■ **EXERCISE DIRECTIONS**:
Copy, word for word, the lines of the listing below from the line with "モルダバイト&ハーキマ水晶　ペンダント 天然モルダバイト" up to and including the line with "Cách vệ sinh". Drop the pictures.

■ **COLLECTED DATA**:
____________________
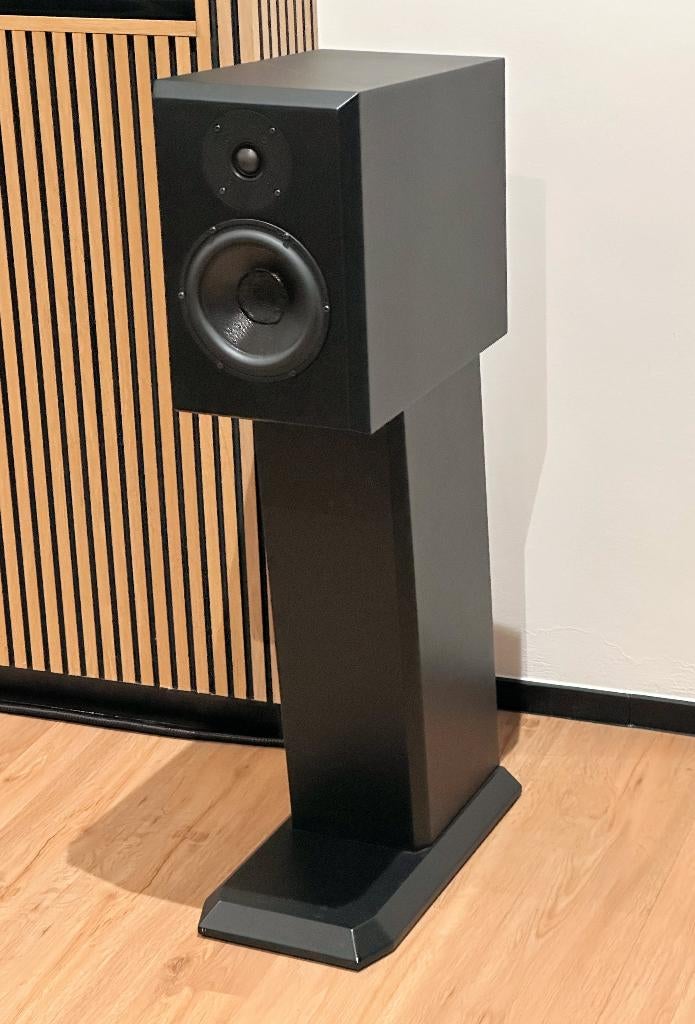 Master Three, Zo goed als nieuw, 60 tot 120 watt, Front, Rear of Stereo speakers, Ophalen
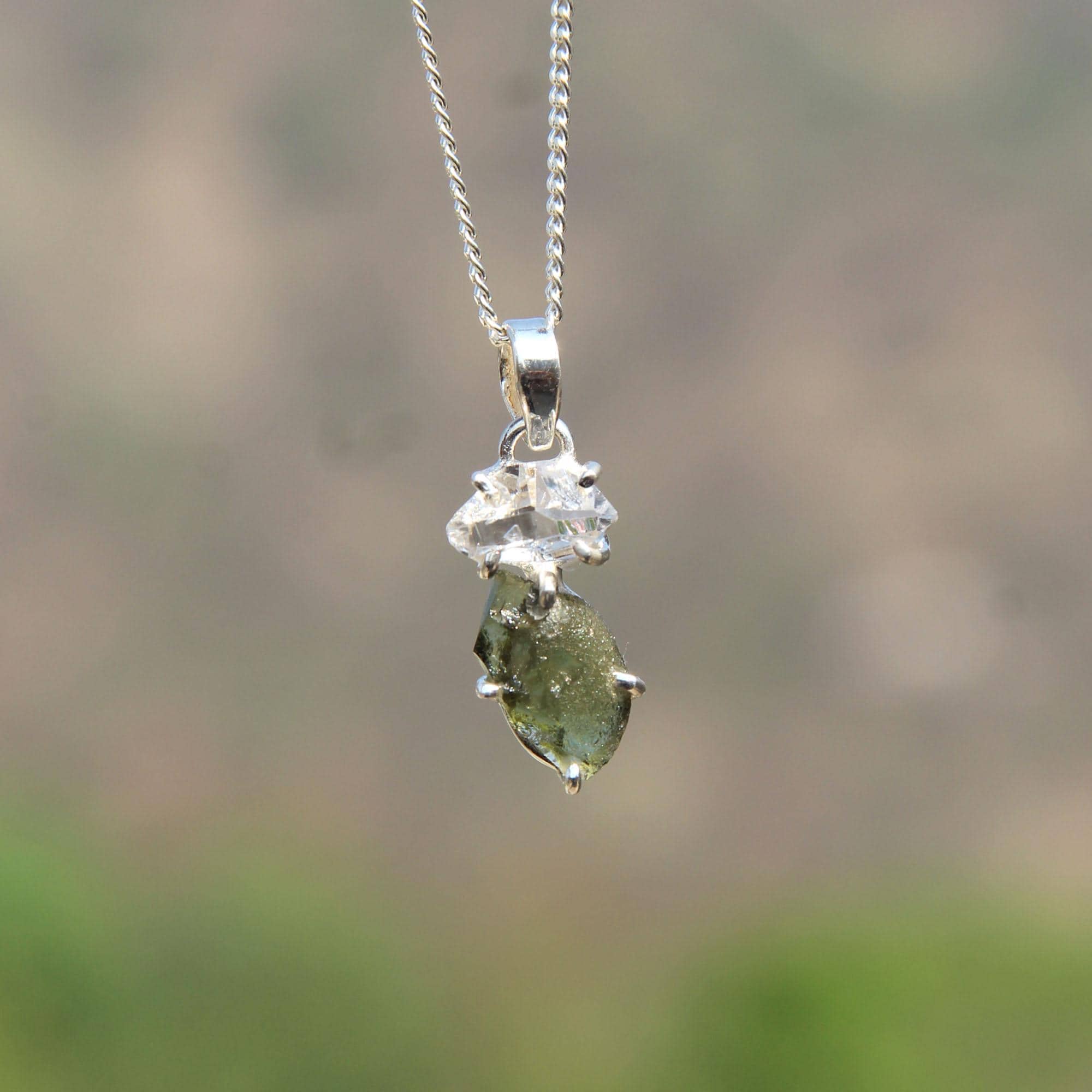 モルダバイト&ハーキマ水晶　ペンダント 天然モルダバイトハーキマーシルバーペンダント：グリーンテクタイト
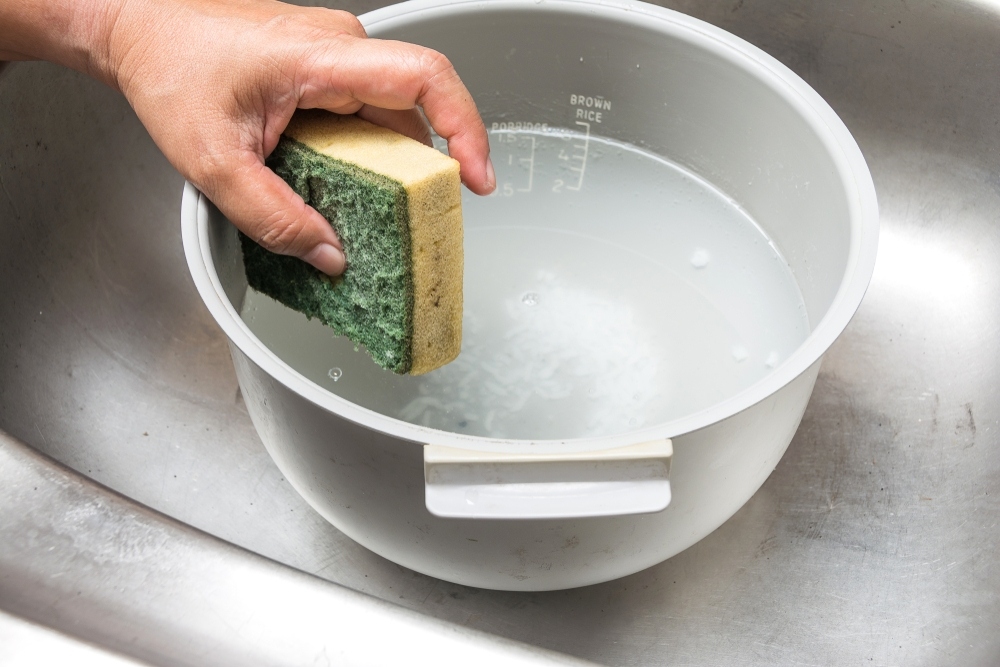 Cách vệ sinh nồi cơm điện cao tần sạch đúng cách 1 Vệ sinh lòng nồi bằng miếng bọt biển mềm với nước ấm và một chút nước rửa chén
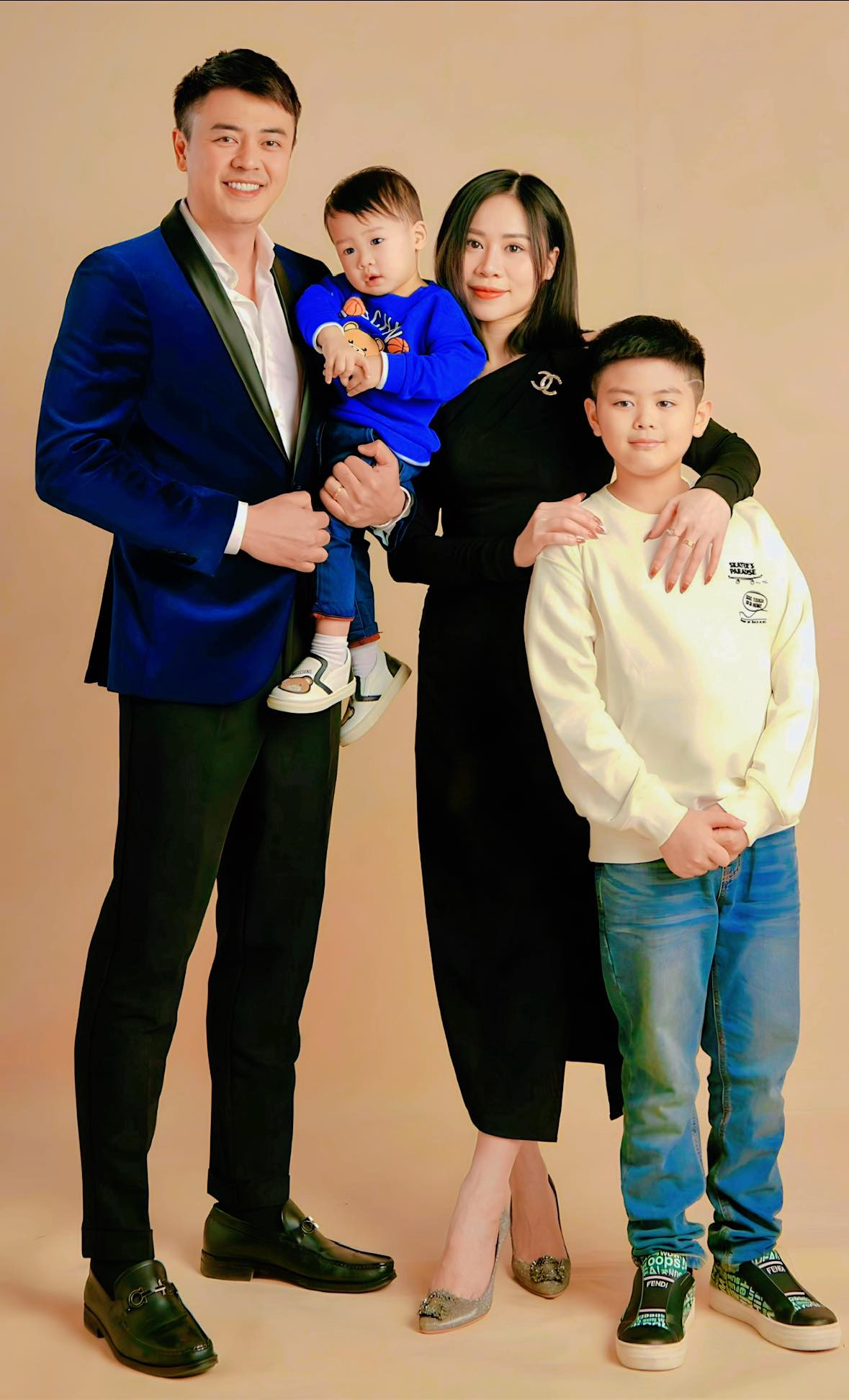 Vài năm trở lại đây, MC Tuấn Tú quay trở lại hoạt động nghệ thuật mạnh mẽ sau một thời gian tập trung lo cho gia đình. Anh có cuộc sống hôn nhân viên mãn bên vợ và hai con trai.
____________________
■ **RESPONSE TO THIS EXERCISE**:
 モルダバイト&ハーキマ水晶　ペンダント 天然モルダバイトハーキマーシルバーペンダント：グリーンテクタイト
 Cách vệ sinh nồi cơm điện cao tần sạch đúng cách 1 Vệ sinh lòng nồi bằng miếng bọt biển mềm với nước ấm và một chút nước rửa chén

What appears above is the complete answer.